- _EXERCISE DETAILS_
Please copy the lines below, exactly as they are, from the one with "Calvin Klein Men's Shoes. - Picture 2 of 4" through the one with "Внедорожник / Кроссовер", and leave out the pictures.

- _GIVEN INFORMATION_
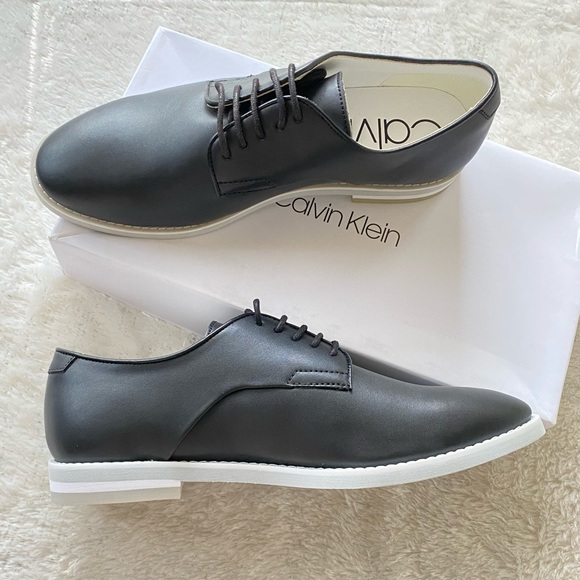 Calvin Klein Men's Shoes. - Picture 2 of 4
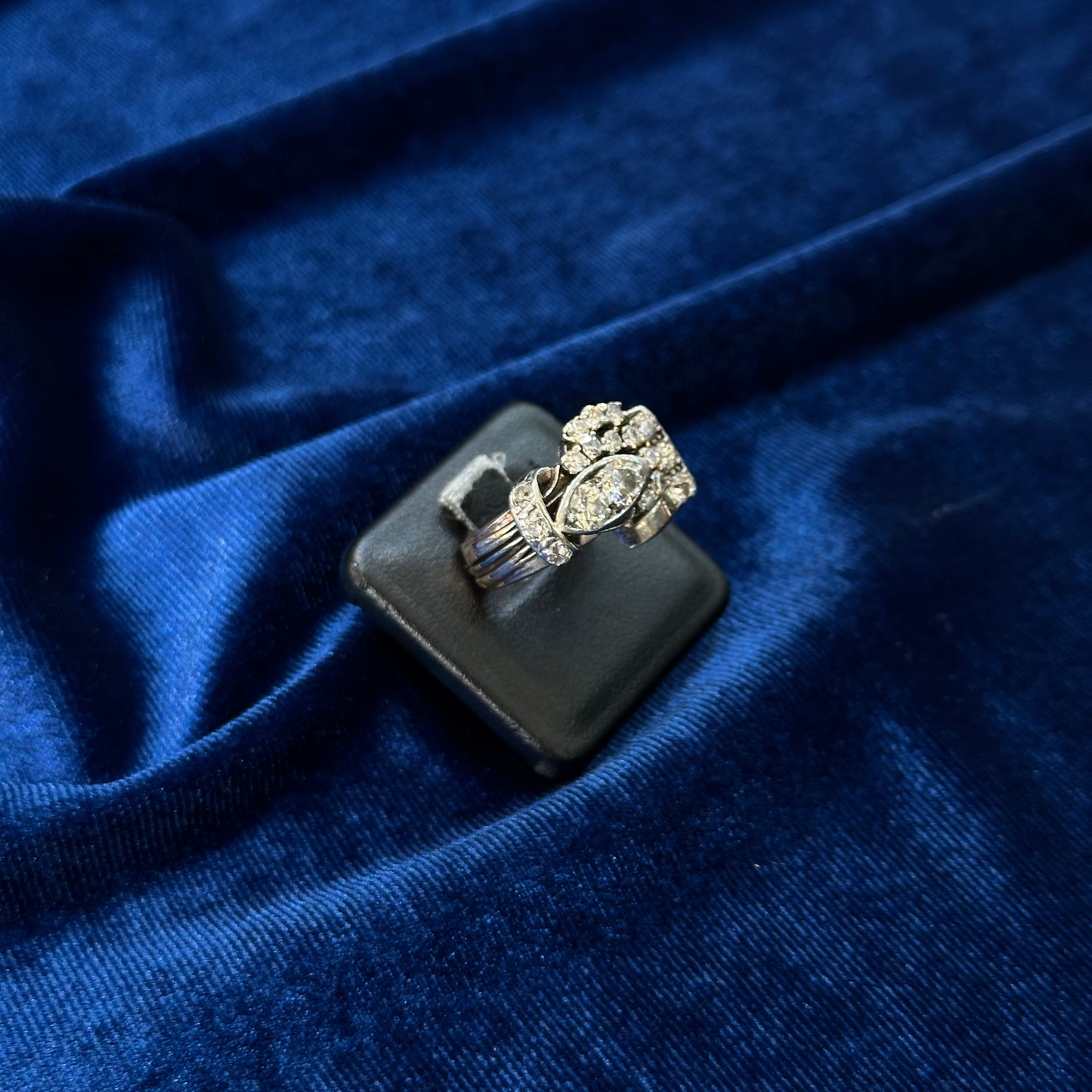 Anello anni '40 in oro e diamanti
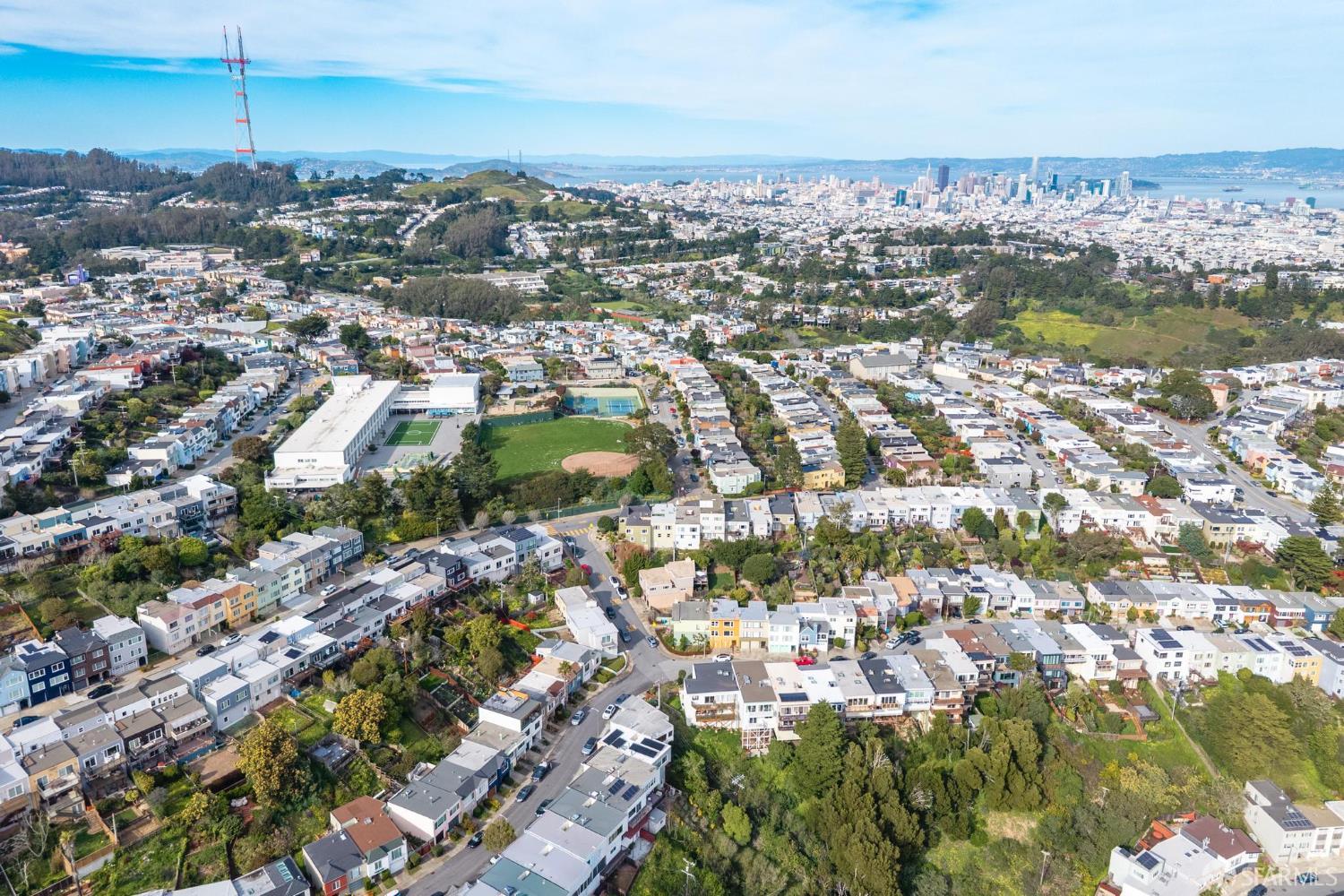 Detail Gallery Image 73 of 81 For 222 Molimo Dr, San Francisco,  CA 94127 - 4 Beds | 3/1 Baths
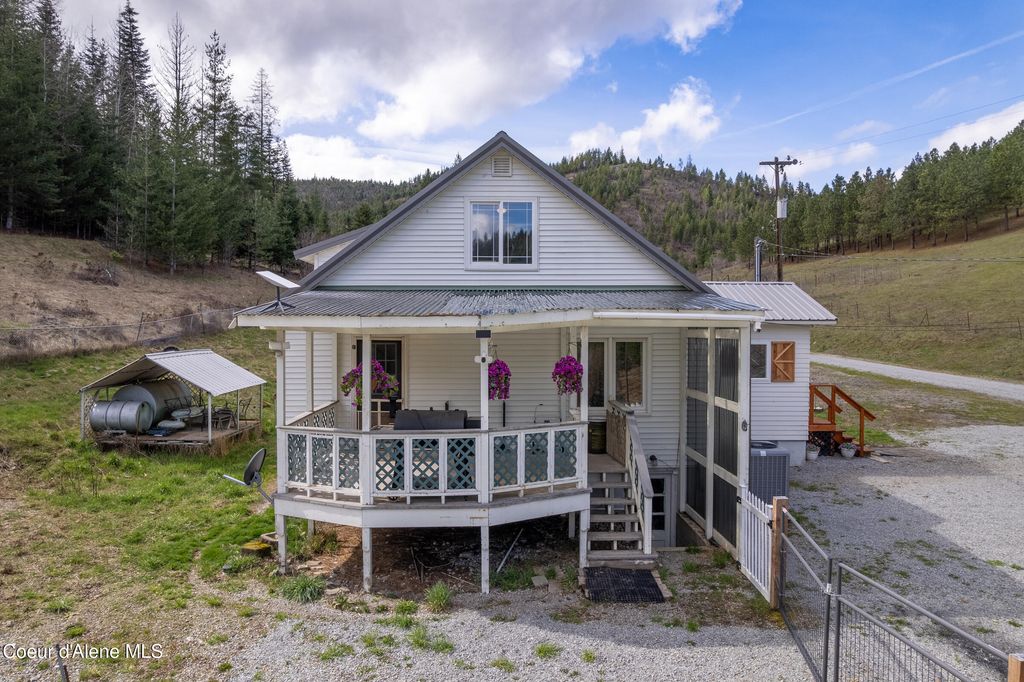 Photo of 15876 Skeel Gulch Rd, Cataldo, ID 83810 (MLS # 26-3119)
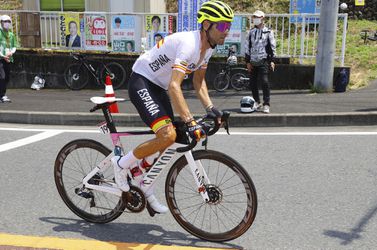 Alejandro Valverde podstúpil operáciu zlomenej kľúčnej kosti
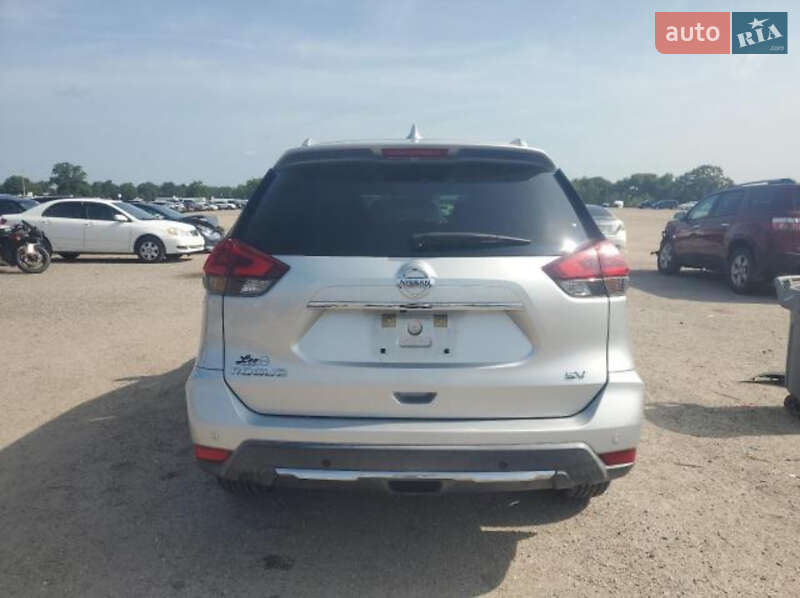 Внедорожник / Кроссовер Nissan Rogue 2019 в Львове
---
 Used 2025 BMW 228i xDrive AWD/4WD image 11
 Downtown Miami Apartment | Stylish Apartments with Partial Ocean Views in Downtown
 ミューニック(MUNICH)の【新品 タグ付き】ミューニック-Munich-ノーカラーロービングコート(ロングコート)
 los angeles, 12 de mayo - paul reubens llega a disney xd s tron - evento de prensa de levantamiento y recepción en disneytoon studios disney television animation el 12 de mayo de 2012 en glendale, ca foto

- _WORKED SOLUTION_
 Calvin Klein Men's Shoes. - Picture 2 of 4
 Anello anni '40 in oro e diamanti
 Detail Gallery Image 73 of 81 For 222 Molimo Dr, San Francisco,  CA 94127 - 4 Beds | 3/1 Baths
 Photo of 15876 Skeel Gulch Rd, Cataldo, ID 83810 (MLS # 26-3119)
 Alejandro Valverde podstúpil operáciu zlomenej kľúčnej kosti
 Внедорожник / Кроссовер Nissan Rogue 2019 в Львове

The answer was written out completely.